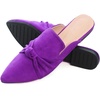 image:imageHee grand Womens Mules Bowknot Suede Comfortable Slip On Flats Closed Pointed Toe Backless Loafers Mules for Women006purple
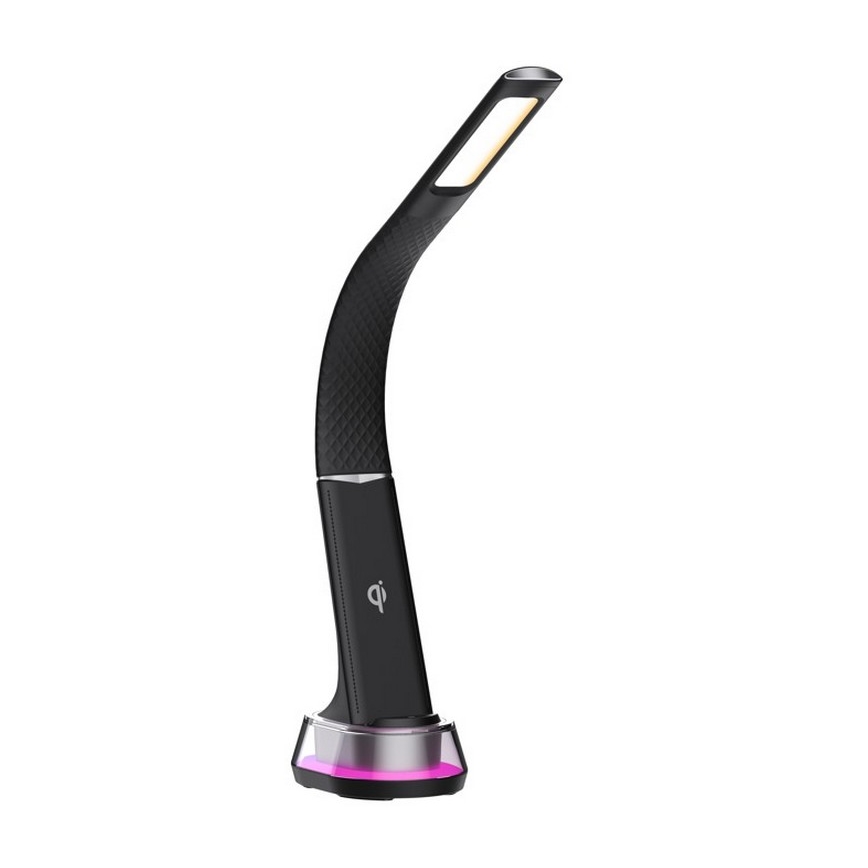LED RGB Regulowana lampa stołowa z ładowaniem bezprzewodowym CORELLA LED/7W/12/230V czarna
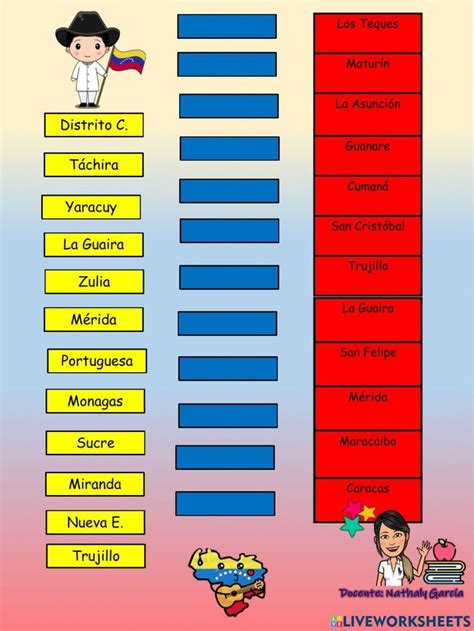 Estados Y Capitales De Venezuela Interactive Worksheet In School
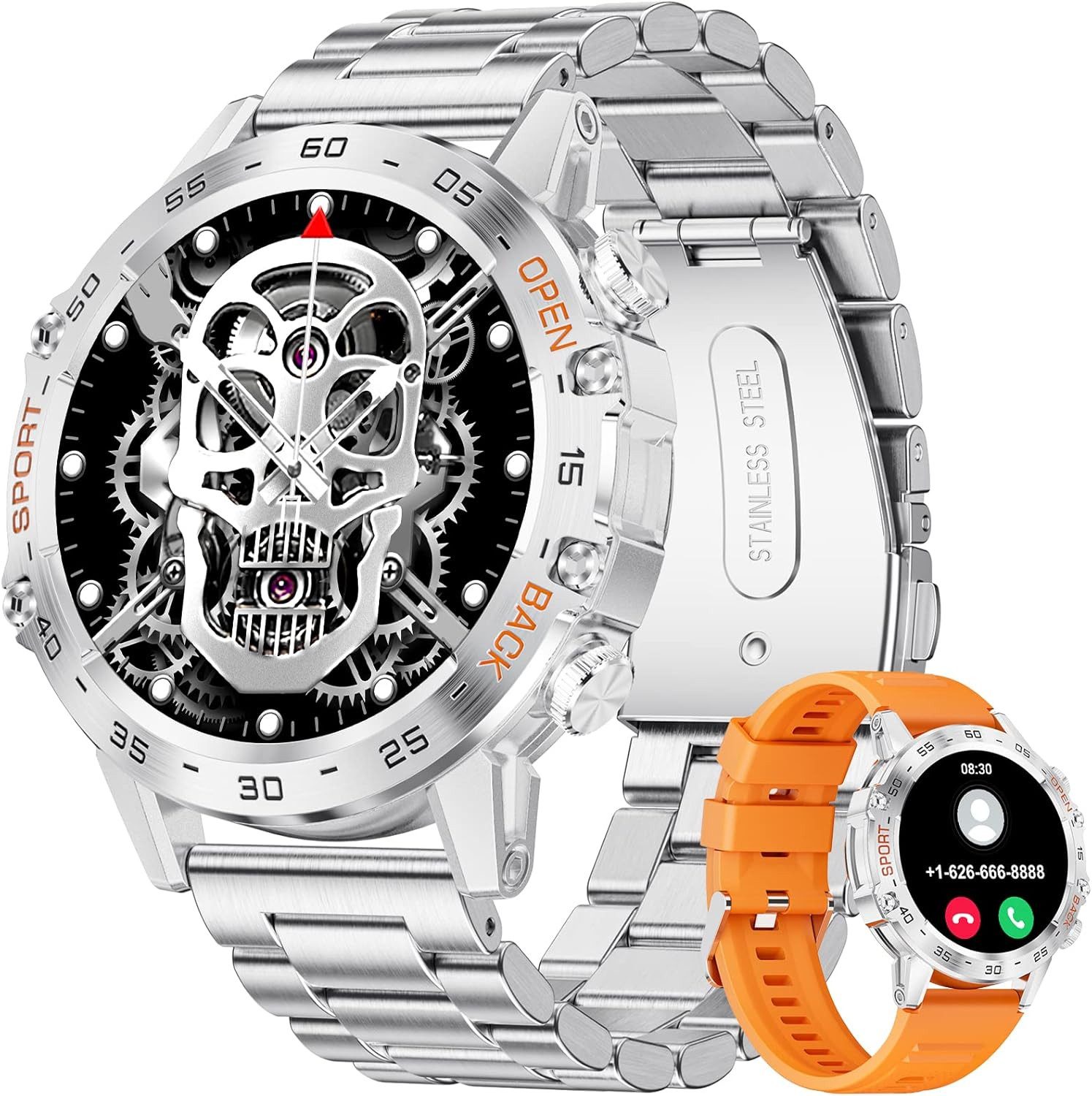 Lige Herren"s Bluetooth Armband; mit Telefonfunktion und Gesundheitsanalyse Smartwatch (3,5 cm, Android iOS), Smartwatch mit Telefonfunktion, HD Display, 400 mAh, FitcloudPro**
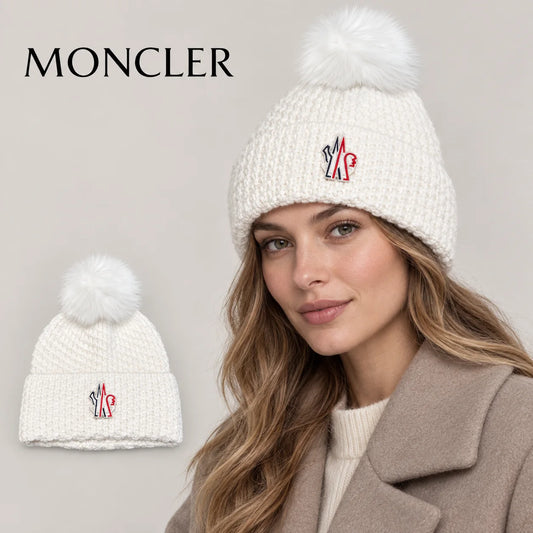 Moncler beanie worn by an adult female model, with product detail inset.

### Exercise description
Where a picture appears in the records above, omit it, and transcribe exactly the stretch of lines from the one with "LED RGB Regulowana" through the one with "Estados Y Capitales".

### Exercise solution
LED RGB Regulowana lampa stołowa z ładowaniem bezprzewodowym CORELLA LED/7W/12/230V czarna
 Estados Y Capitales De Venezuela Interactive Worksheet In School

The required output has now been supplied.